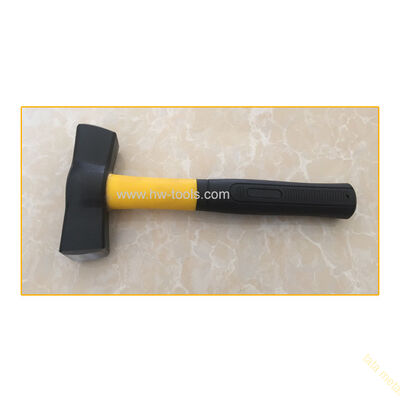 Spanish type stoning hammer with fiberglass handle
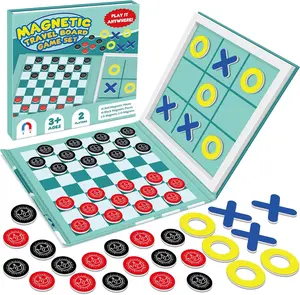 Torlam Magnetic Travel Games , Board Game Chess Party Camping Games Road Family Night Car Trip Games Activities for Kids and Adults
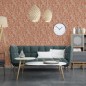 DUTCH WALLCOVERINGS Papel pintado Mae naranja y beige DUTCH WALLCOVERINGS Papel pintado Mae naranja y beige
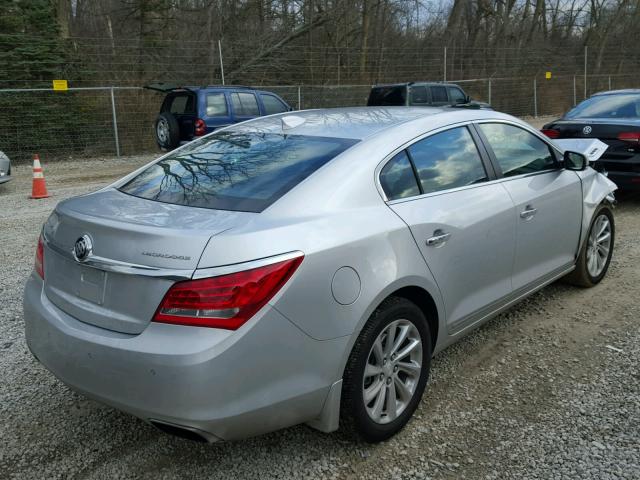 1G4GB5G30GF280821 - 2016 BUICK LACROSSE SILVER photo 4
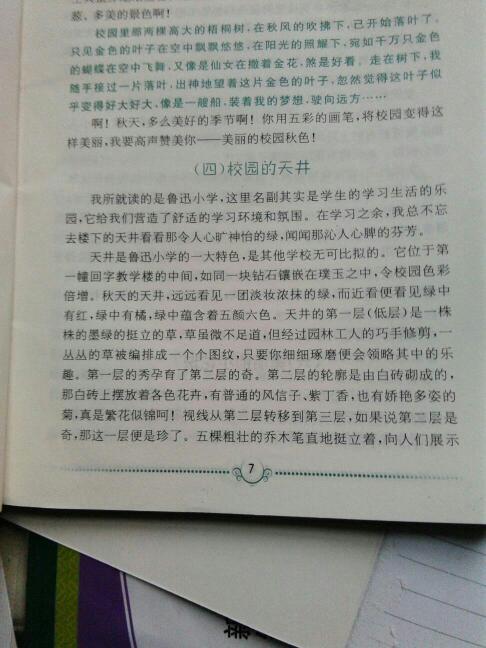 四年级作文园的一角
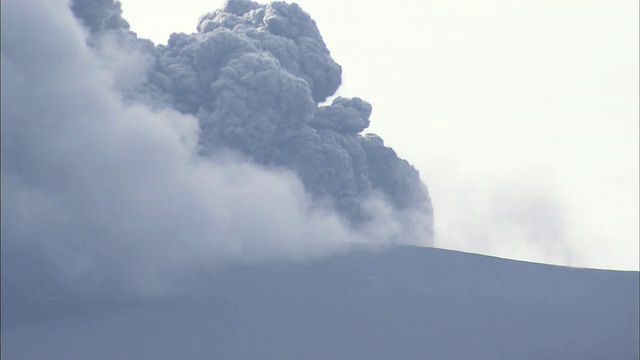 Shinmoedake火山喷发视频素材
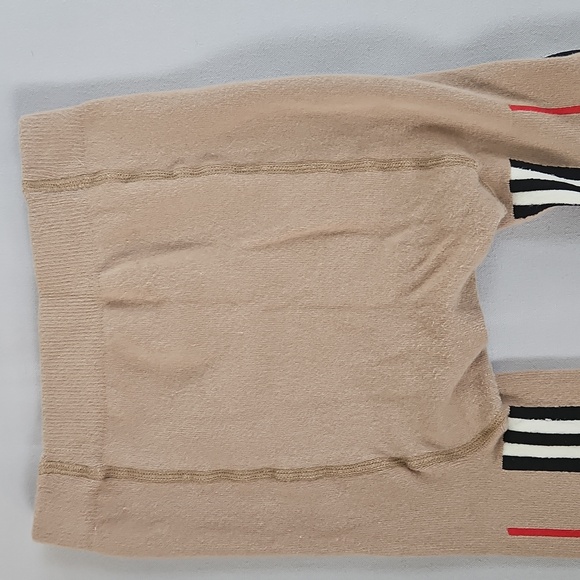 NEW! Burberry Kids Beige Icon Stripe Tights Size 8Y - Picture 12 of 16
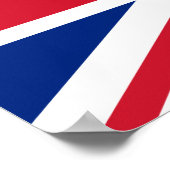 Vlag van het Verenigd Koninkrijk Poster (Hoek)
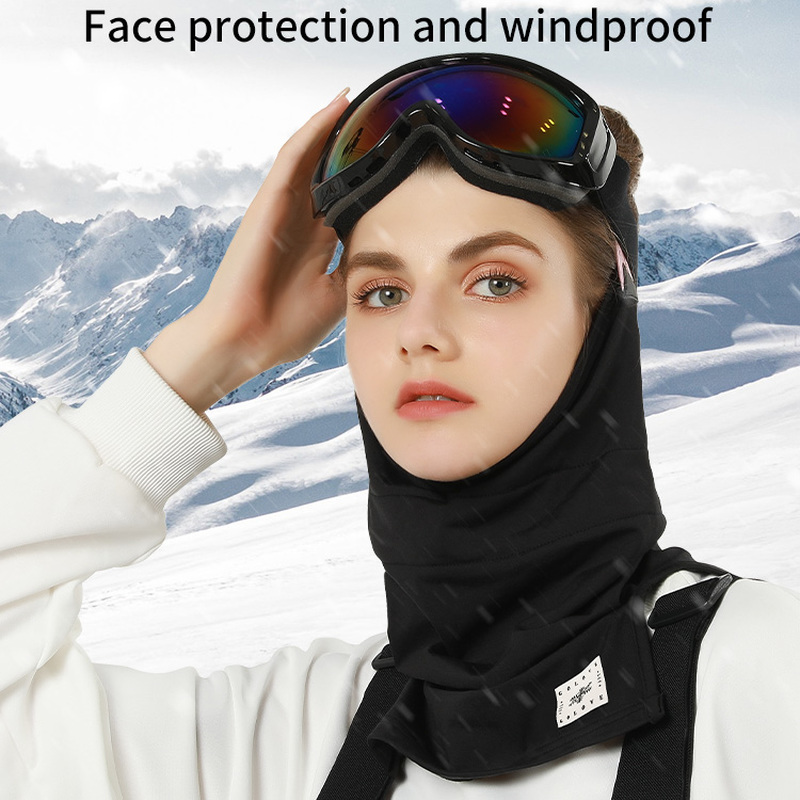 Mascarilla de esquí de Invierno para mujer, Bandana deportiva cálida, bufanda catiónica de terciopelo, máscara de bicicleta a prueba de viento, babero facial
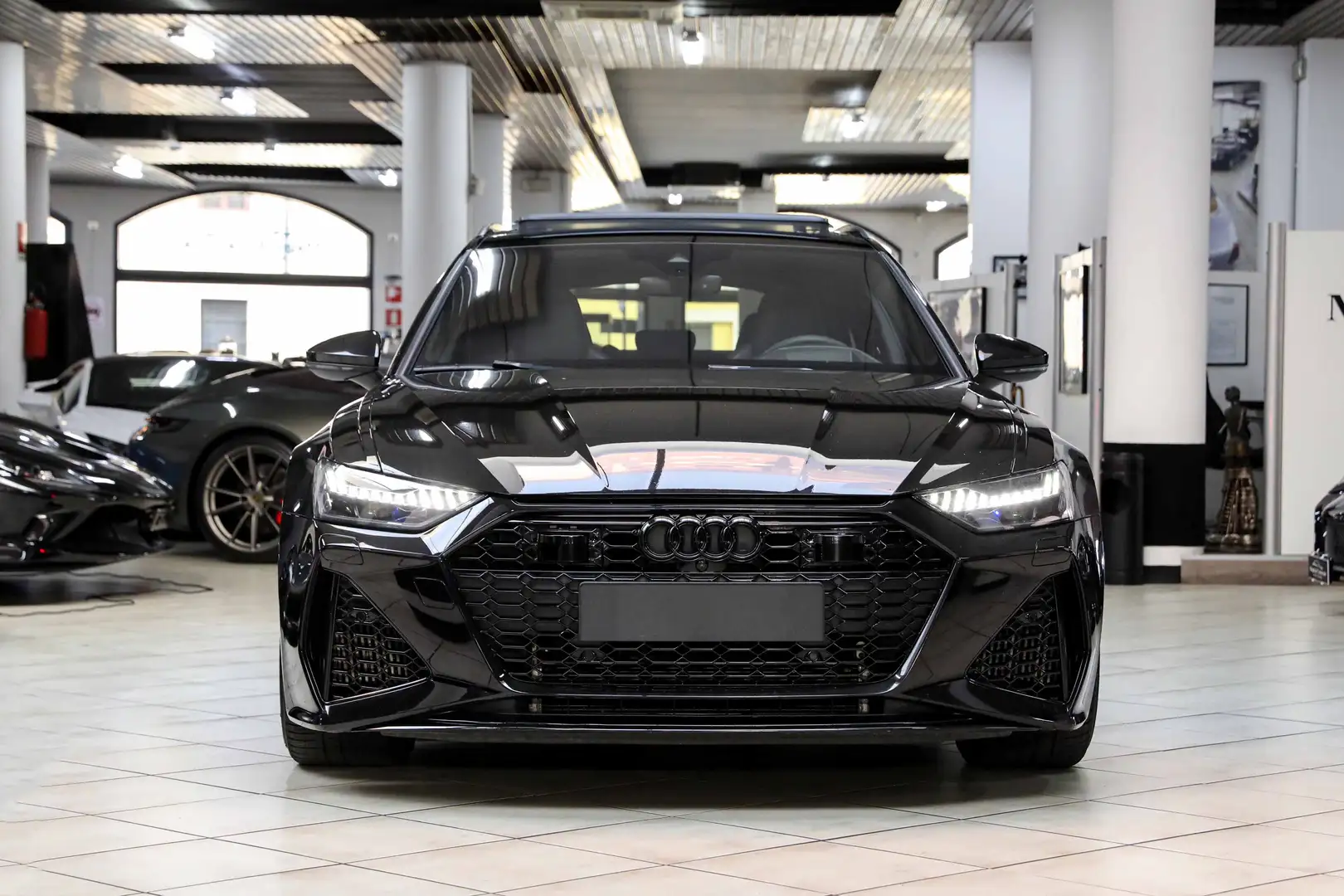 Audi RS6 AVANT|CARBOCERAMIC|TETTO|B&O 3D|HEAD-UP|BLACK PACK Noir - 2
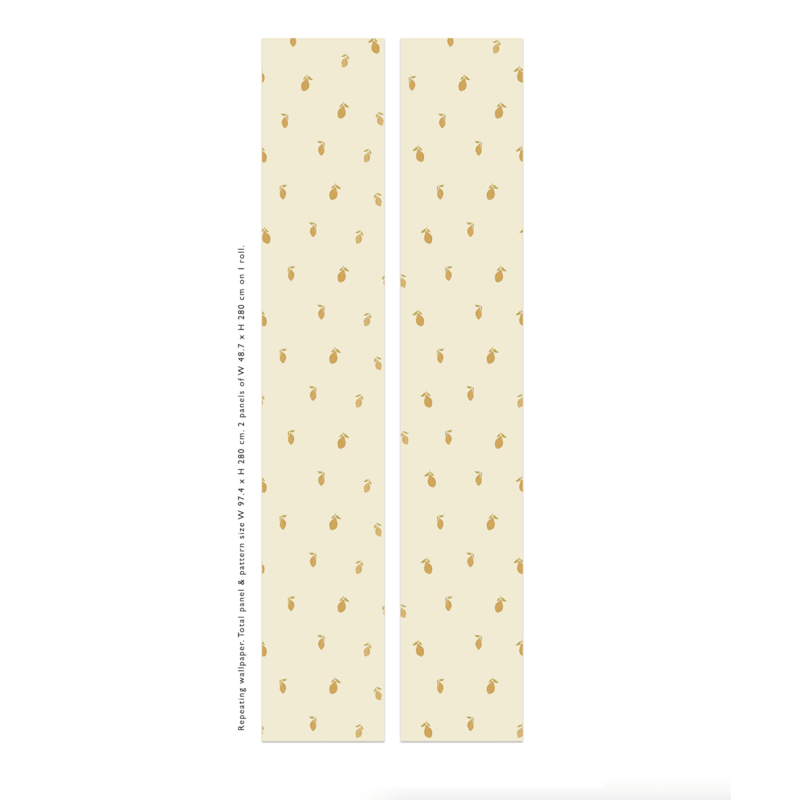 Creative Lab Amsterdam-collectie Sweet Lemon patroonbehang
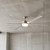 183cm 72-inch Nickel DC Ceiling Fan With Light Remote Control 35W 5 Speed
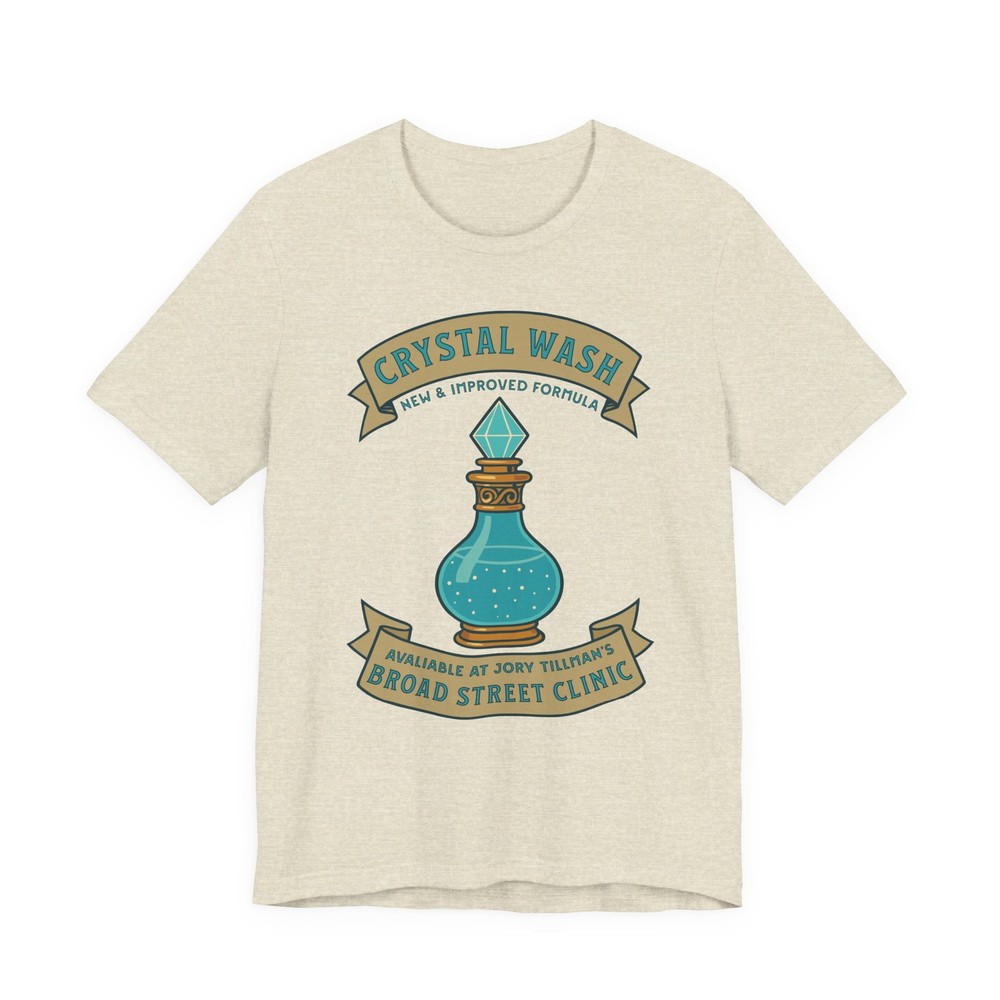 Crystal Wash – He Who Fights With Monsters Fantasy Ad UnizexT-Shirt Graphic Tee
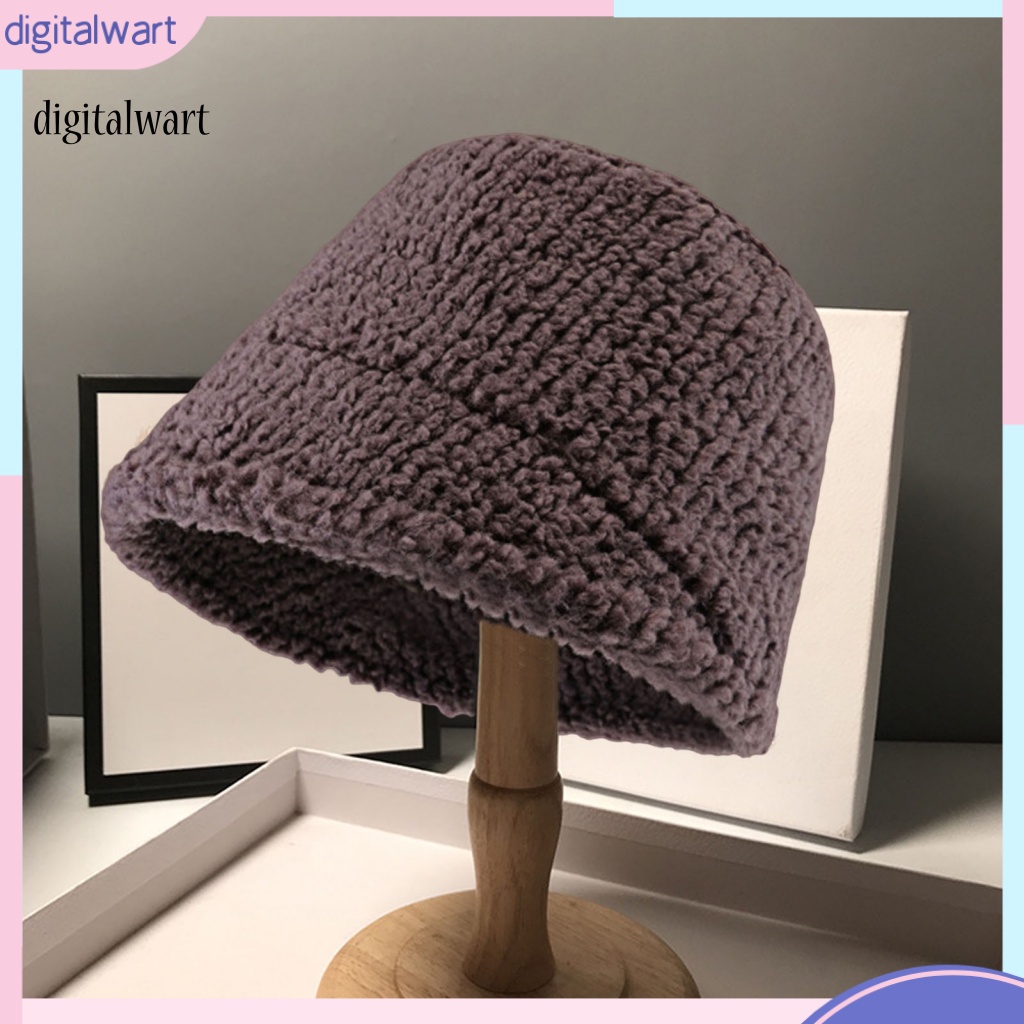 Kỹ Thuật Số| Nón Tai Bèo Dệt Kim Mềm Dày Dặn Màu Trơn Chống Lạnh Không Vành Kiểu Hàn Quốc Thời Trang Mùa Đông Cho Nữ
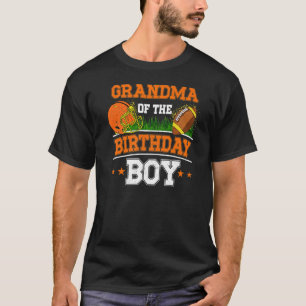 Oma van het Birthday Boy Football Soccer Theme T-shirt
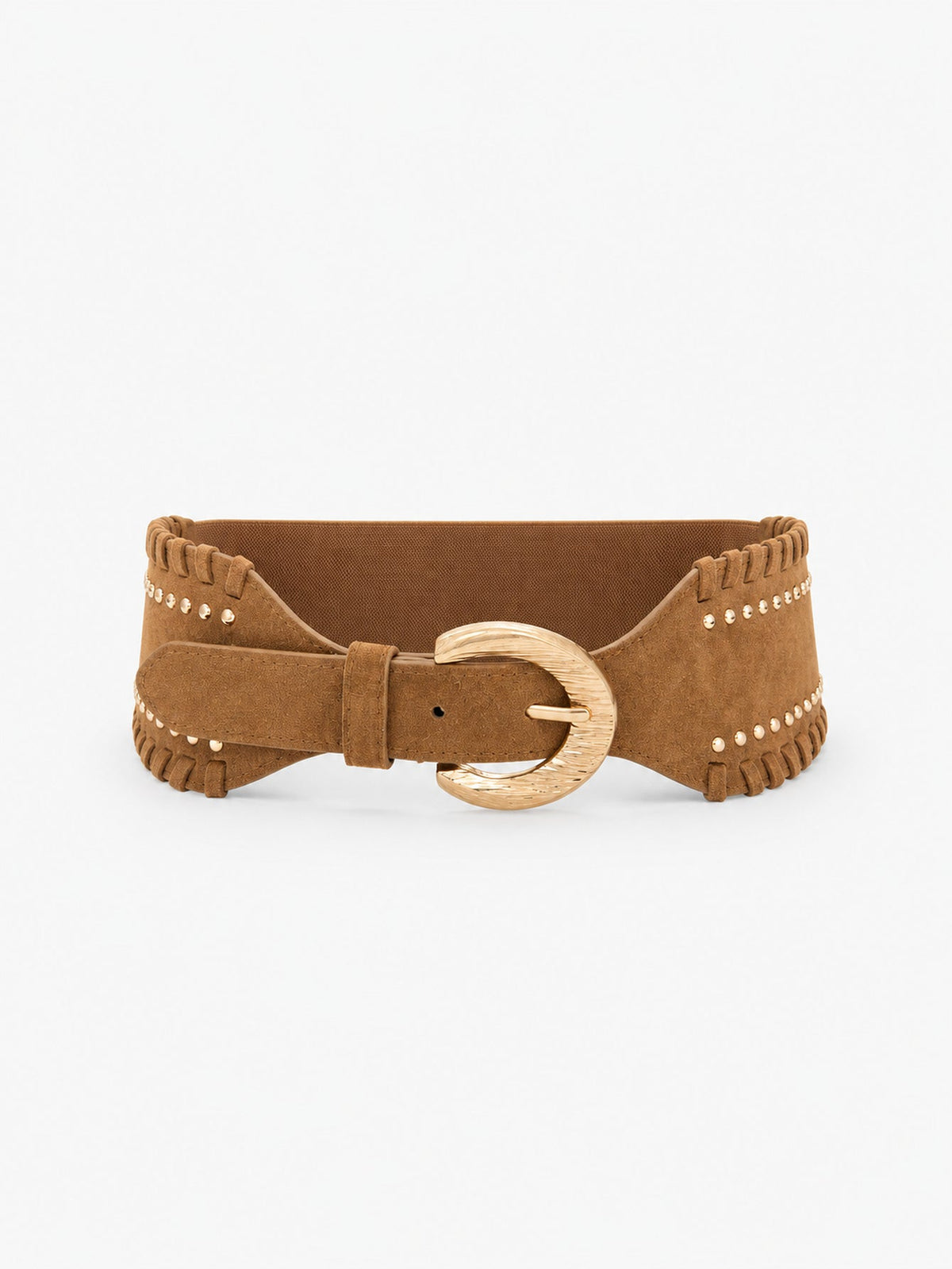 Rita khaki studded belt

****************************************

▶ _TASK ITEM_
Please print the data above in its entirety, exactly, but without any picture.

▶ _ANSWER TO THIS EXERCISE_
 Spanish type stoning hammer with fiberglass handle
 Torlam Magnetic Travel Games , Board Game Chess Party Camping Games Road Family Night Car Trip Games Activities for Kids and Adults
 DUTCH WALLCOVERINGS Papel pintado Mae naranja y beige DUTCH WALLCOVERINGS Papel pintado Mae naranja y beige
 1G4GB5G30GF280821 - 2016 BUICK LACROSSE SILVER photo 4
 四年级作文园的一角
 Shinmoedake火山喷发视频素材
 NEW! Burberry Kids Beige Icon Stripe Tights Size 8Y - Picture 12 of 16
 Vlag van het Verenigd Koninkrijk Poster (Hoek)
 Mascarilla de esquí de Invierno para mujer, Bandana deportiva cálida, bufanda catiónica de terciopelo, máscara de bicicleta a prueba de viento, babero facial
 Audi RS6 AVANT|CARBOCERAMIC|TETTO|B&O 3D|HEAD-UP|BLACK PACK Noir - 2
 Creative Lab Amsterdam-collectie Sweet Lemon patroonbehang
 183cm 72-inch Nickel DC Ceiling Fan With Light Remote Control 35W 5 Speed
 Crystal Wash – He Who Fights With Monsters Fantasy Ad UnizexT-Shirt Graphic Tee
 Kỹ Thuật Số| Nón Tai Bèo Dệt Kim Mềm Dày Dặn Màu Trơn Chống Lạnh Không Vành Kiểu Hàn Quốc Thời Trang Mùa Đông Cho Nữ
 Oma van het Birthday Boy Football Soccer Theme T-shirt
 Rita khaki studded belt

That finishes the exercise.